Cenkos analyst Kevin Cammack added the move, after the sale of Kier Living last year to private equity and last summer’s successful equity raise – done in nine hours and three times oversubscribed after a previous rights issue in late 2018 was only taken up by a third of shareholders – showed the firm was ready to flex its muscles again.
“It would certainly signal a level of confidence that Davies has got the business back under control and in a state to move forwards,” he said.
The boss of another rival added: “Tilbury Douglas is mainly building. The infrastructure arm is relatively small and not on National Highways’ regional development programme. In any case, Kier already has a strong presence in highways so I think it’s more likely to add volume in health and education.”
Tilbury Douglas is run by Paul Gandy who spent over three years at Kier running its building arm in the south and major projects business before leaving in September 2019 – five months after Davies joined. One source said: “I don’t know how that would work. It would depend on how he left, I guess.”
The firm rebranded to its historic Tilbury Douglas name last March, 20 years after ditching the marque.
The name, which dates back to 1884, was dropped in 2001 in favour of Interserve as the firm pushed more into the support services sector, such as FM, and away from its historic construction roots.
But Interserve was hobbled by a disastrous foray into the energy from waste sector which sent the firm into administration nearly three years ago with the business being bought out by its banks.

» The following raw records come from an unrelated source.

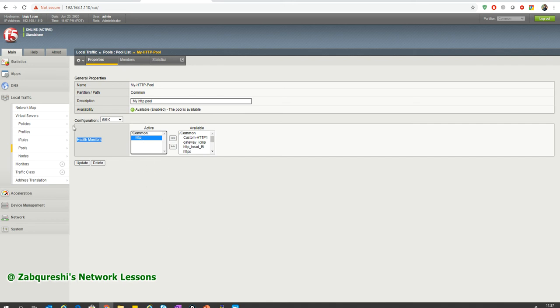In simple words, a health monitor is a mechanism that allows the BIG-IP appliance and the pool to check the availability of each server — not only if the IP address is pingable, but if the application is actually running on it. The web service itself could be down, or the service port could be continuously listening on port 80 while delivering pages that are not really there.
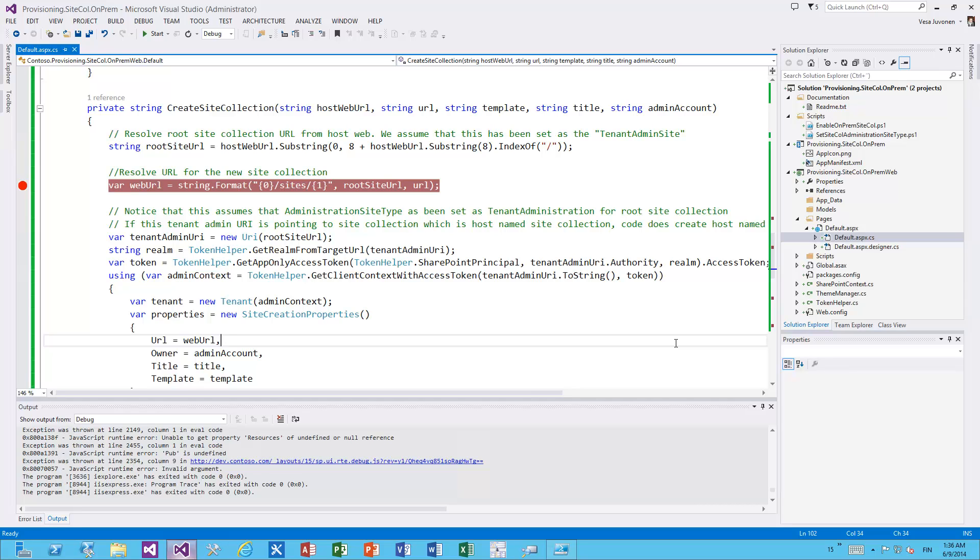Hello, my name is Vesa Iwonen and in this video we will have a closer look at the setup and code for creating site collections in on-premises using client-side object model.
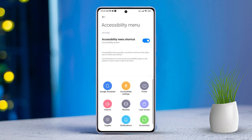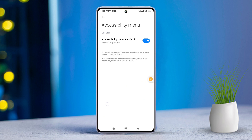You'll now see the Accessibility Menu Shortcut here — go ahead and tap on it. Then, tap on Volume. And now, the volume panel will pop up. Finally, simply adjust the volume to your liking.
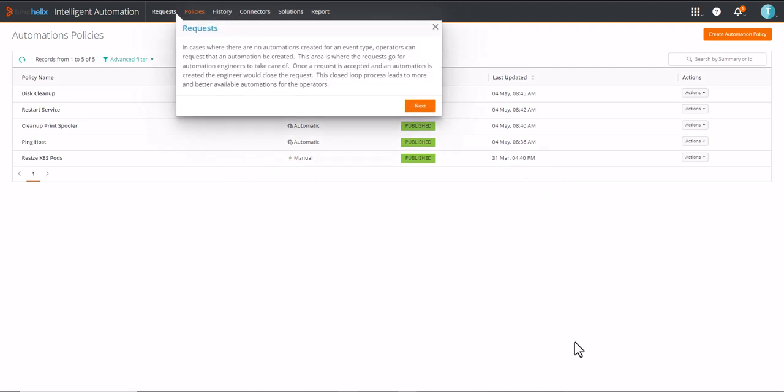In cases where there are no automations created for an event type, operators can request that an automation be created. This area is where the requests go for automation engineers to take care of. Once a request is accepted and an automation is created, the engineer would close the request. This closed loop process leads to more and better available automations for the operators.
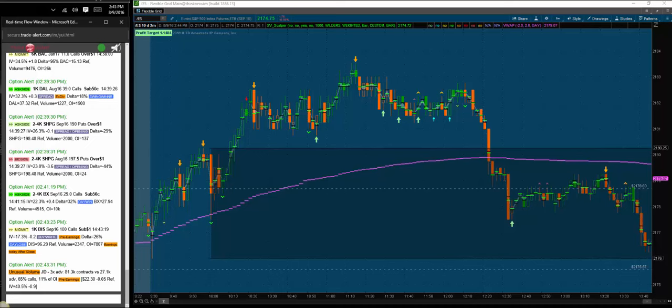Good afternoon traders, Raul from Alpha Shark. Today is Tuesday, August 9th, 2016, and today I want to show you guys how we've been trading the S&P 500 futures using our proprietary newest indicator, the SV Scalper.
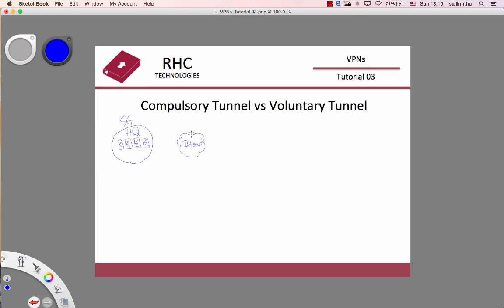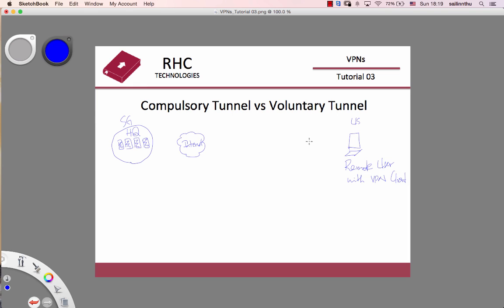So, we can see the screen. If we have a channel, we can see — it's an example. This is the same. When we talk about remote users, you can see it's the same.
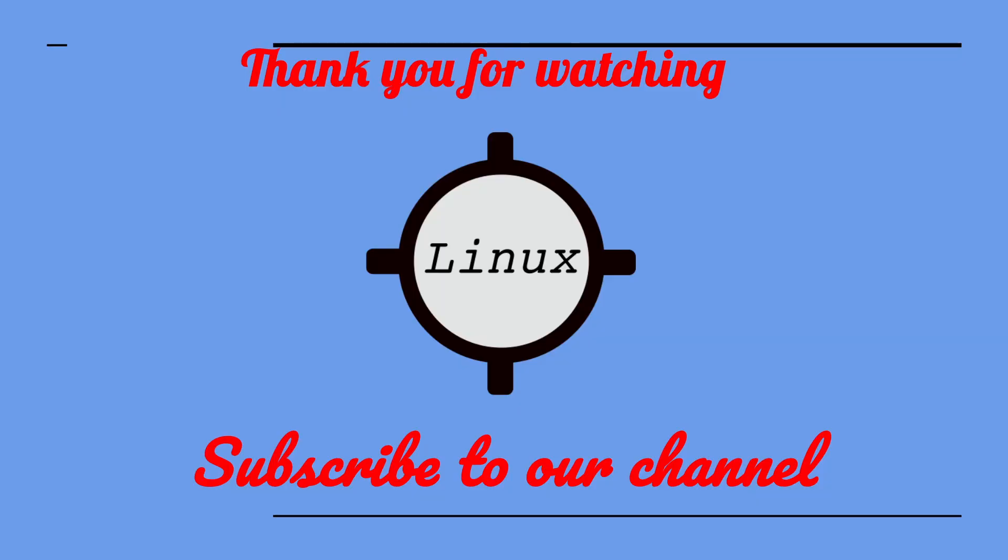Leave a comment if you have any questions. Thank you for watching. Don't forget to like this video and subscribe to our channel.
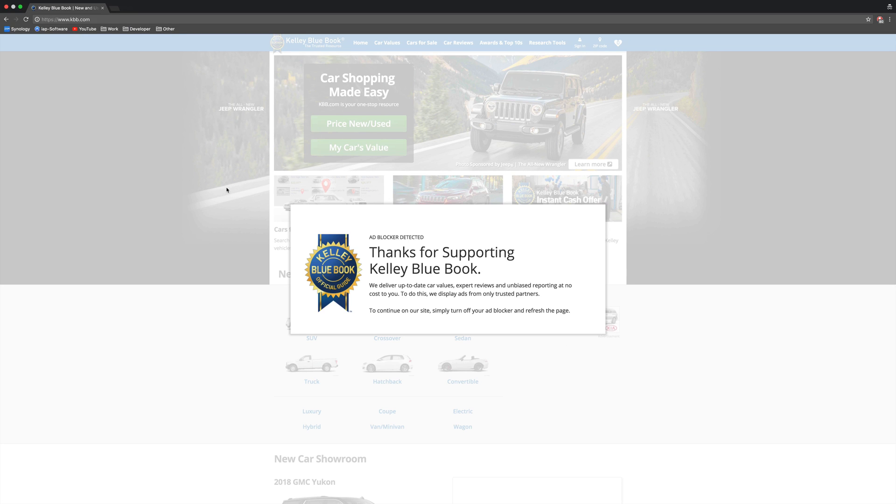Hey guys, this is Mark with AppleTech128 and in this video I want to show you how you can block, block adblock. This is really crazy and it's super confusing, but here's what it is.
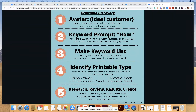In the printable discovery process, going back to the avatar — that's your ideal customer, the person who may be asking you for a solution on how to do something. An avatar means placing a specific person in your mind, or maybe someone you already know that you always refer back to as the reason you're making a specific printable. We're simply looking to add solutions to people's problems with a printable.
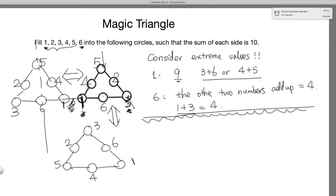By the same token, if you know that 6 is outside — on a vertex — you can just put 6 at any of the vertices and derive from there. There's no loss of generality. Once you get one solution, you get all identical solutions from there. And that's the end of this lesson.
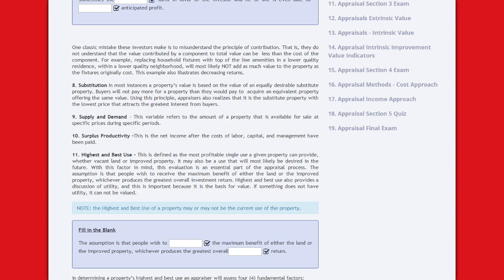Highest and best use is defined as the most profitable single use a given property can provide, whether vacant land or improved property. It may also be a use that will most likely be desired in the future. This evaluation is the essential part of the appraisal process. The assumption is that people wish to receive the maximum benefit of either the land or the improved property, whichever produces the greatest overall investment return. Highest and best use also provides a discussion of utility, which is important because it is the basis for value.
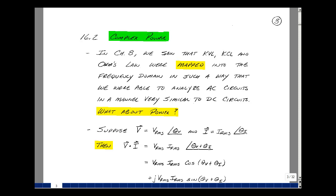This lesson deals with complex power. You can find these notes in the ECE 202 ebook in chapter 16, starting on page 3. As we saw in chapter 8, Kirchhoff's voltage law, Kirchhoff's current law, and eventually Ohm's law were mapped from the time domain to the frequency domain in such a way that we're able to analyze AC circuits very much like we did DC circuits.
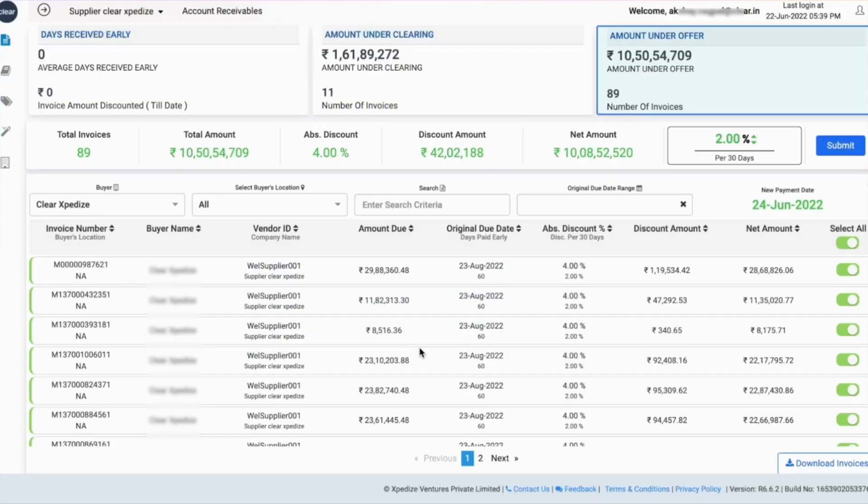Going forward, all the eligible invoices will get auto-submitted for early payment as soon as they are accepted by your buyer.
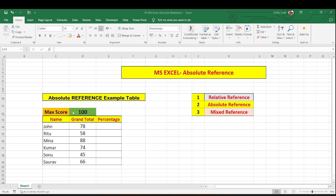To give you an example how absolute reference works, I have created a table of marks and the maximum score I have taken which is 100 and some names based on grand total marks which they have scored I have taken in this table. And my work is to calculate percentage of each.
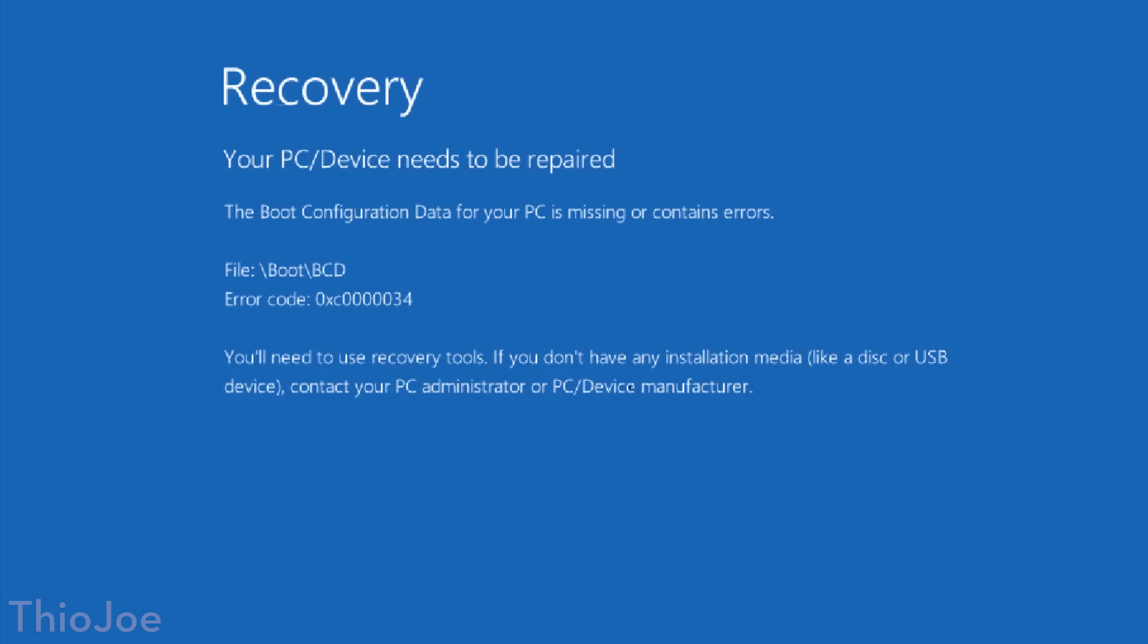And nope, still broken, even with those restored files. So I think it's safe to say that this Windows installation is completely ruined and you would have to just do a manual reinstall on that computer.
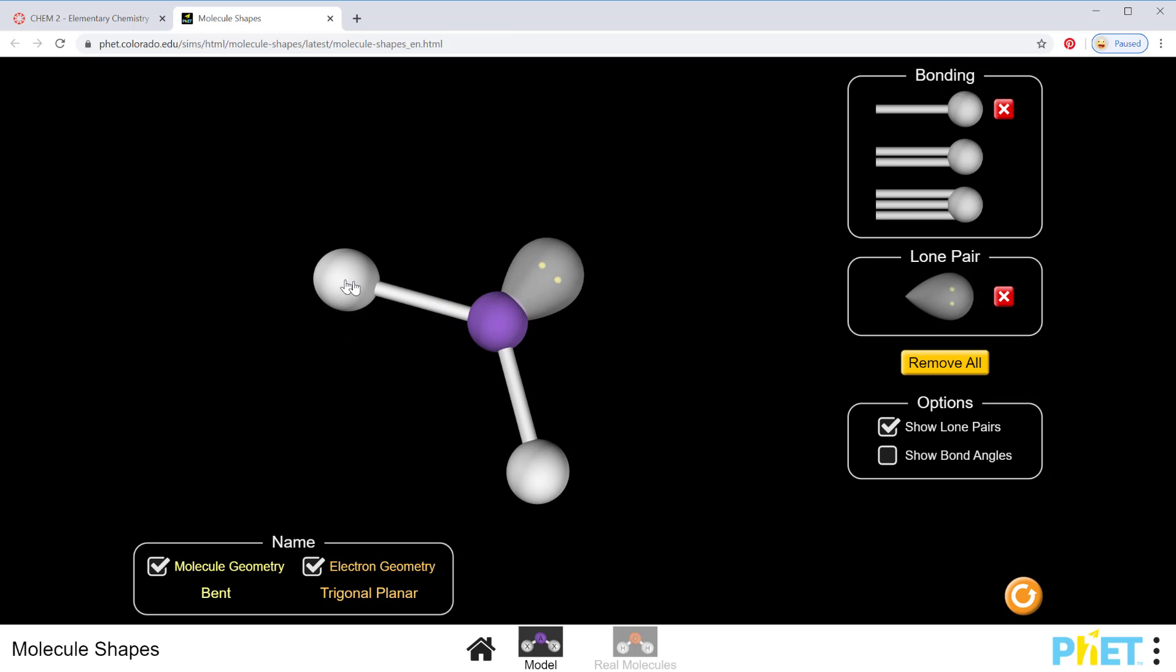So I can see that there. If one of these gets removed and I replace it with a lone pair, then I can see that my electrons are still in that trigonal planar shape, but now what I can actually see—the molecule shape or molecular geometry—is bent.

It has since then undergone a break-up with the support services business sold to Mitie for £190m in 2020 and its RMD Kwikform business snapped up by a French-based scaffolding firm for a reported £140m last year.
That has left Tilbury Douglas as the last remaining part of the business with the firm’s last set of accounts for the year to December 2019 showing that it had a turnover of £485m.
The firm racked up a near £120m loss although it was hit during the period by energy-from-waste costs as well as losses associated with the London building market which it has now pulled out of.
In the accounts, signed off by Gandy last February, the firm said it had been “restructured and re-sized around its core of public sector projects, predominantly through frameworks”.
It added: “The directors have been rebalancing the business to undertake a greater proportion of lower risk projects…the directors remain confident that the company’s operating model, which blends a strong regional business with public sector, infrastructure frameworks, fit-out and a selective presence in the commercial development market presents both balance and opportunity for the medium and longer term development of the company.”
Kier and Tilbury Douglas declined to comment.